The return of Cris (Cyborg) Santos to the cage this Friday in the Invicta Fighting Championships 5 card following a one-year suspension and a layoff of almost 16 months could be the start of something big in the evolving world of women’s mixed martial arts.
Prior to her suspension for testing positive for the anabolic steroid stanozolol (made infamous by Ben Johnson following his win in 100-metre dash in the 1988 Summer Olympics), Santos ruled women’s MMA.
Let’s just say she was the Ronda Rousey before anyone really knew about Rousey and how she would change the face of women’s MMA with her dynamic ability, confidence and marketing savvy.
Ten consecutive victories and two defences of the Strikeforce women’s featherweight championship once made Cyborg the most dominant performer in the women’s division. But her victory in only 16 seconds over Japan’s Hiroko Yamanaka on Dec. 17, 2011 and the subsequent ruling of a no-contest for her positive test proved changed all that.
The Brazilian went from warrior priestess to pariah, providing fact to all the innuendos that she had been juicing, even if she never tested positive.
Then again, you’re only a cheater when you’re caught.
Her ripped physique certainly created the impression that she did more than just invest hours and hours in the weight room to give her a masculine look.
Her public service announcement with a video that talked about the evils of steroid use may have been nothing more than an attempt to have her sentence commuted by the California State Athletic Commission. If this was truly an admission of culpability and guilt it did not come across that cleanly or clearly in the video.
But she has paid the price for her sin.
She fights in the third-last of 13 bouts on the Invicta card headlined by an All-America atomweight title bout between champion Jessica Penne and Michelle Waterson. Santos fights Australian Fiona Muxlow, who took the fight on only two weeks’ notice because of a rib injury to Ediane Gomes. Muxlow has a record of 6-2-0.
The winner will move on to meet the Netherland’s Marloes Coenen for the Invicta featherweight title. Santos defended her Strikeforce featherweight belt against Coenen on a card on Jan. 30, 2010 with a technical knockout due to punches in the third round of their scheduled five-round fight. Coenen dropped a weight class to bantamweight after losing to Santos and won the championship by beating Sarah Kaufman, then defended it against Liz Carmouche. Coenen lost in her second defence of the title against Miesha Tate.

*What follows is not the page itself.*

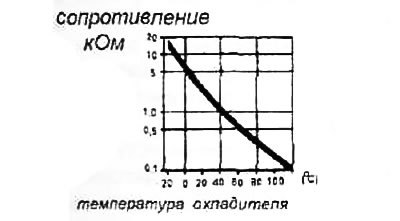 Датчик температуры охлаждающей жидкости (TW)…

The significance of all of this is that Rousey defeated Carmouche, Kaufman and Tate in her last three fights when dropping down to the bantamweight level and inheriting the title of the best woman fighter in the world while Santos sat on the sidelines. Rousey has now become one of the rising stars of the UFC, which created a belt just for her prior to the final Strikeforce card.
A fight between Rousey and Santos surely has to happen at some point because it just makes sense. Rousey has proven she can headline a card and now the UFC, which once turned its back on women’s MMA because it didn’t have depth, is marketing her because she is bringing in new fans. Rousey will be one of the coaches for The Ultimate Fighter 18 edition, which will feature men and women for the first time. The opposing coach will be the winner of the fight between Tate and Cat Zingano, who is undefeated in seven fights, on April 13 on the TUF Season 17 finale.
A rematch of the historic Rousey/Tate fight would be interesting, if only because of the drama that went into it. Any doubt about Rousey’s ability was put to rest with her patented armbar submission of the accomplished wrestler in less than one full round.
A fight against Zingano would offer a new challenger against a similarly undefeated opponent.
But the fight that Rousey has been publicly seeking is against Cyborg because she was the dominant one before her. The fact Santos has steadfastly resisted Rousey’s overtures — or taunts — is because she claims she cannot drop the 10 pounds to fight at 135. She can fight in her preferred weight class and try to become a featherweight champion, albeit in a new promotion, one that didn’t exist when she last fought. This is another aspect of the growth of women’s MMA because Invicta only has ladies on its roster. It has also become a developmental promotion that the UFC has delved into for talent.
If Cyborg dominates her division the way she did before her suspension it will create the need for a match against Rousey. How that will ever happen when the two are at loggerheads over a disparity of 10 pounds may simply result in a catchweight bout, which would be the easiest solution of all.
Money will eventually talk.
Rousey can stir up controversy as good as any male counterpart, but in her case she has been able to back it up with everything she has done so far. She pushed her profile by refusing to stick to the status quo, which required a fighter to work up the ladder in a steady procession based on merit. Nowadays big fights aren’t necessarily about what is fair but what works best for business.
If Cyborg can be as dominant without testing positive — and surely she has learned her lesson — it could pave the way for a women’s equivalent of a super-fight.